── Material provided ──
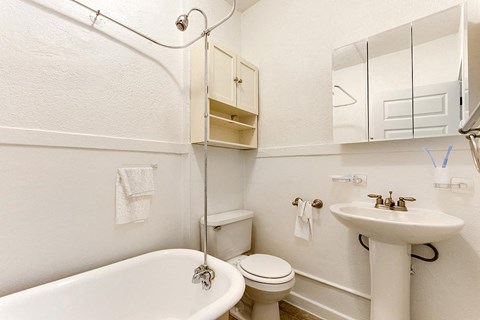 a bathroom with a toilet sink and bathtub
───
── Material provided ──
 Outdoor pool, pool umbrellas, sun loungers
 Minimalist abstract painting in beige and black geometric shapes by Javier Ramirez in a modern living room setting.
───
__Work item__
Above are records; repeat only the lines starting at the line with "Outdoor pool, pool umbrellas, sun loungers" and ending at the line with "Minimalist abstract painting", exactly as they appear, both included.

__Task response__
 Outdoor pool, pool umbrellas, sun loungers
 Minimalist abstract painting in beige and black geometric shapes by Javier Ramirez in a modern living room setting.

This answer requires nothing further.